Dopo i tragici fatti di Caldes in Trentino
I drammatici fatti della val di Sole a Caldes, in provincia di Trento, dove un’orsa ha ucciso un giovane escursionista ha convinto il leghista Valter Marin a impegnare con un Ordine del giorno il presidente e la giunta regionale perché siano emanate delle linee guida che vietino l’immissione di nuove specie animali nel territorio regionale piemontese, quali, a titolo esemplificativo ma non esaustivo, l’orso, la lince, lo sciacallo dorato, le nutrie (ecc.) al fine della tutela della sicurezza pubblica, dell’ecosistema e onde scongiurare gravi danni economico-sociali al settore agro-pastorale e turistico.
Secondo l’ultimo censimento, avvenuto lo scorso anno, sono più di 3mila i lupi presenti sull’intero territorio nazionale, con non meno di 400 esemplari nel nostro Piemonte. Un numero che da solo rappresenta il primo fattore di abbandono degli allevamenti in montagna. Facendo un parallelo con quanto avviene in Slovenia, lì il ministro per le risorse naturali e gli affari territoriali ha deciso di abbattere 230 orsi bruni, una misura ritenuta necessaria per proteggere i cittadini e scongiurare i danni causati dagli orsi. Attualmente la popolazione dei plantigradi nella zona è di 1100 esemplari e l’obiettivo è riportarla sotto quota 800, una cifra ritenuta ancora sostenibile. Nel solo Trentino, invece, sono ormai presenti circa 110 orsi bruni e la Provincia Autonoma di Trento, a seguito della tragedia a Caldes, vorrebbe dimezzarne il numero.

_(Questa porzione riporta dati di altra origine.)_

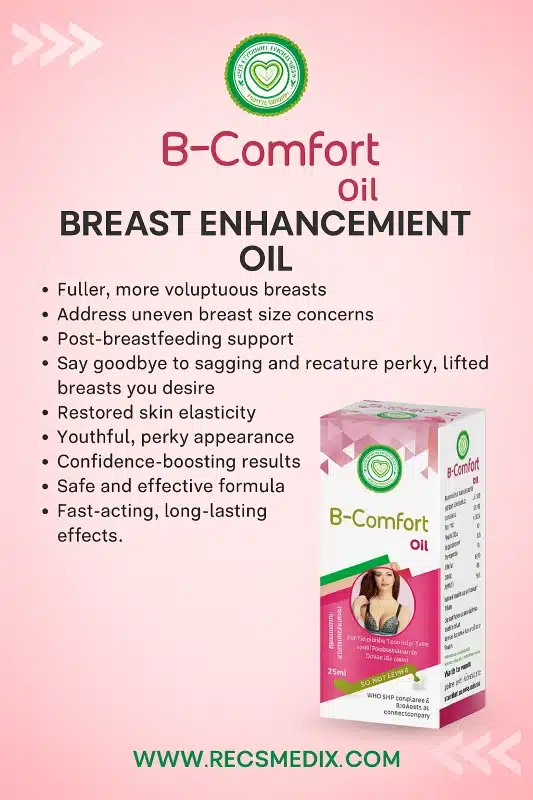 Everhealthy B-Comfort Oil – Breast Skin Firming Support – Topical Oil – 25 Ml - Recs-Medix Everhealthy b-comfort oil – natural breast firming and enhancement oil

Non va poi dimenticato, sollecita Marin, che l’articolo 12 del DPR 357/1997 prevede che ogni intervento di reintroduzione e ripopolamento delle specie animali e vegetali possa essere realizzato solo se autorizzato dagli organismi competenti (Regioni, Province e Enti di gestione delle aree protette nazionali), mentre il DPR 120/2003 prevede il divieto di introdurre, reintrodurre e ripopolare specie e popolazioni alloctone. Inoltre il parere delle popolazioni interessate deve essere vincolante, prima ancora di qualsiasi parere scientifico.
“Il tragico episodio di Caldes – conclude il leghista Marin – ha riportato all’attenzione dell’opinione pubblica la difficoltà di gestione dei grandi carnivori e di difficile se non impossibile convivenza con l’uomo. L’immissione di predatori e l’aumento esponenziale di quelli esistenti hanno provocato danni inimmaginabili e non più sostenibili ai numerosi allevamenti bovini, caprini ed ovini che da sempre hanno caratterizzato la pastorizia piemontese, settore fondamentale ed ottimo esempio di sostenibilità, di valorizzazione di prodotti di alta qualità e fonte di economia e di turismo di eccellenza”.